In the news: John Daniel

February 8, 2002

As former vice-chancellor of the Open University, Sir John Daniel was identified as the highest paid university head in the same week that the United States Open University he founded announced it was to close.

Sir John, 59, is assistant director-general for education at Unesco, the United Nations' educational and cultural organisation, in Paris. He is responsible for promoting education as a human right and furthering quality and innovation in the field. He joined Unesco in July 2001 after 11 years at the OU. He is also president of the USOU, a sister organisation that he founded in 1998.

Sir John is proud of the growth that took place while he was OU vice-chancellor. Between 1990 and 2000, student numbers doubled. There are 140,000 undergraduates and 45,000 postgraduates. An evolutionary rather than revolutionary approach to technology - said to be favoured by the students - has led to 150 OU courses using information technology, with just 14 being delivered via the internet.

He is a prolific author on new technologies and distance learning, but his academic background is in engineering.
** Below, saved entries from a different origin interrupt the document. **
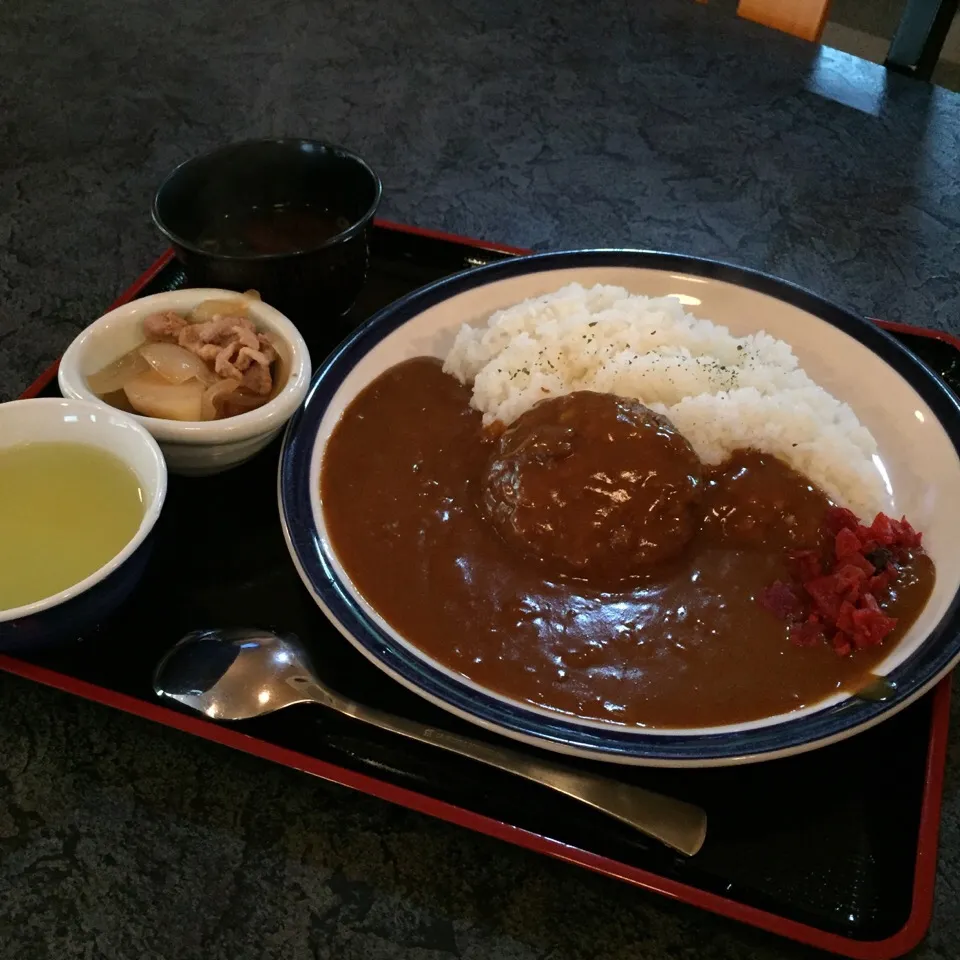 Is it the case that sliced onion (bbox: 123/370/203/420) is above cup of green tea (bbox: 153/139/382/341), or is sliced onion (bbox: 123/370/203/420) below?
below

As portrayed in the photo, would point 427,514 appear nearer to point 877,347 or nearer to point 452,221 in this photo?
point 877,347

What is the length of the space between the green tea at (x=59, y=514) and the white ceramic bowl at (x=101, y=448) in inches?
1.1

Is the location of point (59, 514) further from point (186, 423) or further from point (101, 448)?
point (186, 423)

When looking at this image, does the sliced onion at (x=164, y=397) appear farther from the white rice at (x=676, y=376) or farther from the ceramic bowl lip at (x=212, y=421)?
the white rice at (x=676, y=376)

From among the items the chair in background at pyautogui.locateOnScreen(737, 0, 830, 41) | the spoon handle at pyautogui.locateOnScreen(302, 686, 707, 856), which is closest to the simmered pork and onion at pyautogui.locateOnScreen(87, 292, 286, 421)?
the spoon handle at pyautogui.locateOnScreen(302, 686, 707, 856)

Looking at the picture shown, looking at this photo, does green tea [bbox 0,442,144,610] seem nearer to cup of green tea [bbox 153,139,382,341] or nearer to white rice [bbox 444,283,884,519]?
cup of green tea [bbox 153,139,382,341]

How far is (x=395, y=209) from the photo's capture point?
327cm

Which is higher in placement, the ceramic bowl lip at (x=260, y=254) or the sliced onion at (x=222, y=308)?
the ceramic bowl lip at (x=260, y=254)

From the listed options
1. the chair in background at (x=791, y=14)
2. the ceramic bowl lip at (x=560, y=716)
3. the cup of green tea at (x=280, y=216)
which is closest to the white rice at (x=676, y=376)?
the ceramic bowl lip at (x=560, y=716)

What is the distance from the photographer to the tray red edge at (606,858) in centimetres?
134

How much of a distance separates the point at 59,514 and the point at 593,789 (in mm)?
1232

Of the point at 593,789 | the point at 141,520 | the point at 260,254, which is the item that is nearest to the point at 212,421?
the point at 141,520

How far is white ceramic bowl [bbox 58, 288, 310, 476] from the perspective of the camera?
6.26 feet

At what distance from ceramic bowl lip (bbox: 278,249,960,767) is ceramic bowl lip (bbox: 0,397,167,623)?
27cm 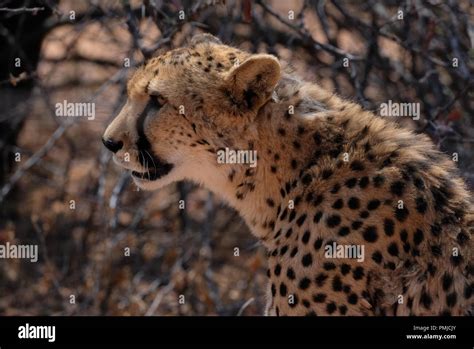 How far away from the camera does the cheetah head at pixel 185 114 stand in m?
3.86

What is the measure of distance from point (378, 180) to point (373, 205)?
94mm

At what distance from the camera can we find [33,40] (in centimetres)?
705

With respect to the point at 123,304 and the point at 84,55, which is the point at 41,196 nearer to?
the point at 84,55

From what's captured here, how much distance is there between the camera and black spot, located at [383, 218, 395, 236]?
3.65 metres

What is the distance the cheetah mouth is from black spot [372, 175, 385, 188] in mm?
804

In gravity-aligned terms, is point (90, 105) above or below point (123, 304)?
above

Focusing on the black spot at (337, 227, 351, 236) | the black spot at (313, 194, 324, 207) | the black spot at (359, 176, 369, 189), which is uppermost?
the black spot at (359, 176, 369, 189)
He studied metallurgy at the University of Oxford in the 1960s before undertaking postgraduate studies at the University of Paris.

He started his professional career as a lecturer at the Institut National des Sciences et Techniques Nucleaires in Saclay and moved to the University of Montreal in Canada in 1969. Sir John, who was knighted in 1994, has joint British and Canadian nationality A year after it was established, Sir John became director of studies at the Tele-Universite, the distance-education arm of the University of Quebec. Five years later, in 1978, he joined Athabasca University, an open university with students throughout Canada. Sir John also held posts at Concordia University and Laurentian University before leaving Canada for the OU in 1990.